Cette même nuit, le patient a commencé à présenter des crises focales dans l'hémicorps droit, pour lesquelles du midazolam a été prescrit pour les contrôler, et du levetiracetam 500 mg toutes les 12 heures a été ajouté au traitement.
Malgré cela, le patient a continué à présenter des crises subintrantes, et il a donc été décidé, compte tenu du dysfonctionnement hépatique, d'ajouter du lacosamide 50 mg/12 h, qui a finalement été augmenté à 100 mg/12 h en raison de la persistance des crises.

Évolution
Une nouvelle tomodensitométrie crânienne urgente est demandée sans changement par rapport à la précédente. La patiente a continué à se détériorer progressivement sur le plan neurologique et, après 8 jours d'hospitalisation sans amélioration malgré toutes les mesures prises, nous avons décidé, en accord avec la famille, de limiter l'effort thérapeutique.
La patiente est sortie sans signe de souffrance après 15 jours d'hospitalisation.

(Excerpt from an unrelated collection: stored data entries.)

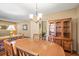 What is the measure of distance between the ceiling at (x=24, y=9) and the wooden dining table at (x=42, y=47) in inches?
17.9

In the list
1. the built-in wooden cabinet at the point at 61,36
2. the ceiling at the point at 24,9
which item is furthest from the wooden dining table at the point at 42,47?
the ceiling at the point at 24,9

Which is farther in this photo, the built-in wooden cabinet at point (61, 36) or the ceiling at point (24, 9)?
the built-in wooden cabinet at point (61, 36)

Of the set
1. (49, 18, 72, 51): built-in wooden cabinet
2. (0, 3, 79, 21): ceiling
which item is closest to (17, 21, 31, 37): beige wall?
(0, 3, 79, 21): ceiling

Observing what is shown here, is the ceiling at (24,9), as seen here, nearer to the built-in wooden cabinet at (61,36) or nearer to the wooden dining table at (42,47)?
the built-in wooden cabinet at (61,36)

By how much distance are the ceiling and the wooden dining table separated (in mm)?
455

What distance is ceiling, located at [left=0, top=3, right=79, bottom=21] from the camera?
1163 mm

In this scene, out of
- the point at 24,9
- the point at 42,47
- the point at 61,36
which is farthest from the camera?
the point at 61,36

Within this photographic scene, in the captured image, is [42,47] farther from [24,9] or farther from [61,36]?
[24,9]

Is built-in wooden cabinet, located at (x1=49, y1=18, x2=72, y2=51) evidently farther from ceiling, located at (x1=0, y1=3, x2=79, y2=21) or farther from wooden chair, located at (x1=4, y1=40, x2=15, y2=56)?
wooden chair, located at (x1=4, y1=40, x2=15, y2=56)

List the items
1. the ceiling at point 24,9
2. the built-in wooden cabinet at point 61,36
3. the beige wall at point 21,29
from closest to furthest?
the ceiling at point 24,9 → the beige wall at point 21,29 → the built-in wooden cabinet at point 61,36

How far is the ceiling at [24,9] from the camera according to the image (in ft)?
3.82

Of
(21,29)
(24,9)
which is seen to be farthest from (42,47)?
(24,9)

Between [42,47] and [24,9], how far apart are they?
31.3 inches

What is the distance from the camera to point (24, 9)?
1.22 metres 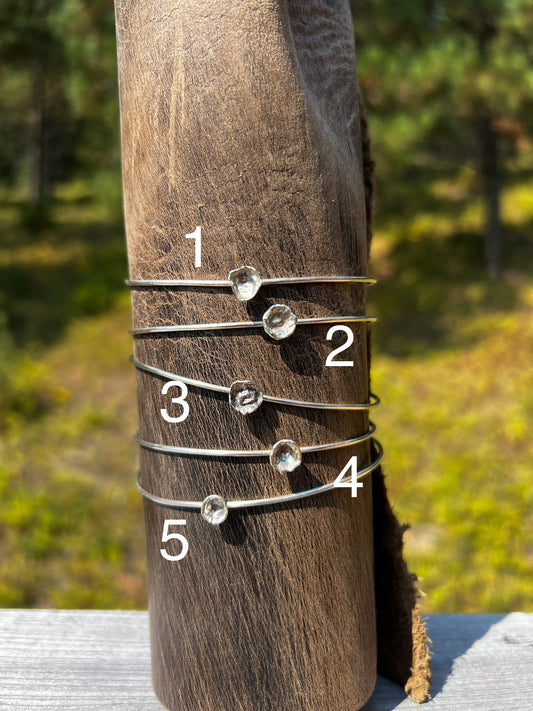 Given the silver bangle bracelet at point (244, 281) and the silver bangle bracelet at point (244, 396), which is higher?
the silver bangle bracelet at point (244, 281)

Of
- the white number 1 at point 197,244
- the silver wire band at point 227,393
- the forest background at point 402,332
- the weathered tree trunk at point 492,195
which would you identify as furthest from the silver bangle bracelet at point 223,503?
the weathered tree trunk at point 492,195

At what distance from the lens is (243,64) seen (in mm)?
862

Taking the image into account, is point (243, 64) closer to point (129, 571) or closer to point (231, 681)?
point (231, 681)

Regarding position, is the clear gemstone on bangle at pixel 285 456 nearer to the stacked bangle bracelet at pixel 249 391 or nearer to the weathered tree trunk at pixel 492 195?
the stacked bangle bracelet at pixel 249 391

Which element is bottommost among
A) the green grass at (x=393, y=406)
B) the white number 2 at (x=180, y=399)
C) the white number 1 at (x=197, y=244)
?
the green grass at (x=393, y=406)

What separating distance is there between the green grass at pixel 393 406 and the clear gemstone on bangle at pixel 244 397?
1610mm

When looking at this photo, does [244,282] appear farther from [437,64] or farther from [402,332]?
[402,332]

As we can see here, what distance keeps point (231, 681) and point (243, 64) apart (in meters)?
0.87

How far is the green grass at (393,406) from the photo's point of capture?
3193mm

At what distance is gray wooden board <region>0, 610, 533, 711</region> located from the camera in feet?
3.44

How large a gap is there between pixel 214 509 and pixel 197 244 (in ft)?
1.23

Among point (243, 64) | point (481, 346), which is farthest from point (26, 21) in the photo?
point (243, 64)

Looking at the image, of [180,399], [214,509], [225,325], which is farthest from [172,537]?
[225,325]

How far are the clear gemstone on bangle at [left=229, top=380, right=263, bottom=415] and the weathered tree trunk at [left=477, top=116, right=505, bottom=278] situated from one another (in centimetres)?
598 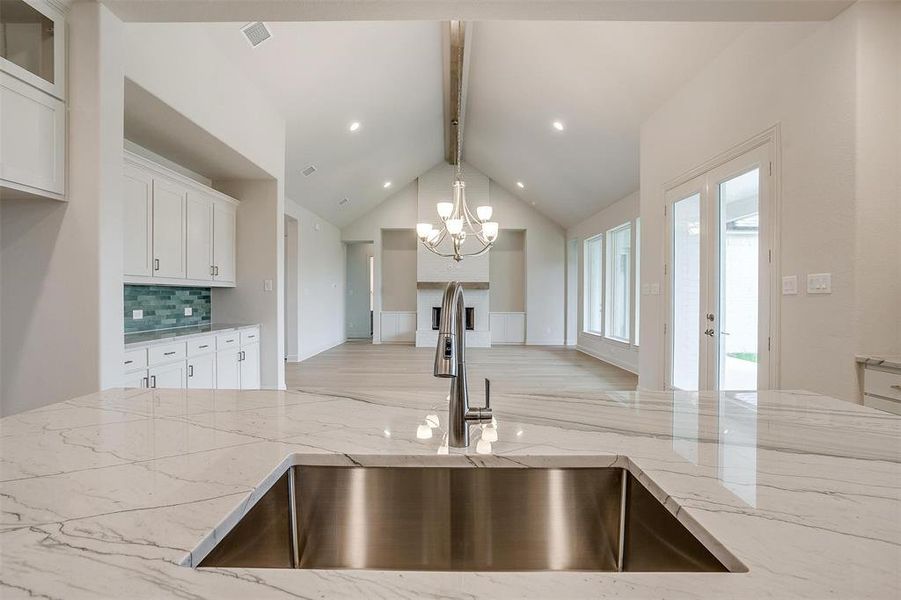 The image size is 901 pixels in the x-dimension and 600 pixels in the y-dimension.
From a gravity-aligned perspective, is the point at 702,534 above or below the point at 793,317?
below

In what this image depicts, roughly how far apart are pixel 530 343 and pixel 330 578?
9972 mm

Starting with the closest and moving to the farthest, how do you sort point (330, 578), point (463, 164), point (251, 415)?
point (330, 578), point (251, 415), point (463, 164)

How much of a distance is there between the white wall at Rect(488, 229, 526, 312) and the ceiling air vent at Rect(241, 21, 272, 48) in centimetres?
728

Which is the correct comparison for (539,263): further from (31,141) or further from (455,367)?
(455,367)

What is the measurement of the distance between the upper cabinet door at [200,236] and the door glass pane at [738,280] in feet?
14.4

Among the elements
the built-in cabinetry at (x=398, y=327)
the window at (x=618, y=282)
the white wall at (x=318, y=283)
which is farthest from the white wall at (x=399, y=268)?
the window at (x=618, y=282)

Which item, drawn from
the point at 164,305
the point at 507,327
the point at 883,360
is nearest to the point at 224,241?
the point at 164,305

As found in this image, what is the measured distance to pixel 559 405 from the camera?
120 cm

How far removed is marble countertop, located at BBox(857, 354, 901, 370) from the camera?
7.00ft

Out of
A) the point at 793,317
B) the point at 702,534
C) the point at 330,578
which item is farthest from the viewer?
the point at 793,317

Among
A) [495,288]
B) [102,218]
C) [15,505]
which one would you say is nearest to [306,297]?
[495,288]

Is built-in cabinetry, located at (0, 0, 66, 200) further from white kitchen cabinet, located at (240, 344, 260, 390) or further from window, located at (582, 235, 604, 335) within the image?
window, located at (582, 235, 604, 335)

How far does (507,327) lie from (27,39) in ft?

Cette même nuit, la patiente a commencé à présenter des crises focales dans l'hémicorps droit, pour lesquelles du midazolam a été prescrit pour les contrôler, et du levetiracetam 500 mg toutes les 12 heures a été ajouté au traitement.
Malgré cela, le patient a continué à présenter des crises subintrantes et il a été décidé, compte tenu du dysfonctionnement hépatique, d'ajouter du lacosamide 50 mg/12 h, qui a finalement été augmenté à 100 mg/12 h en raison de la persistance des crises.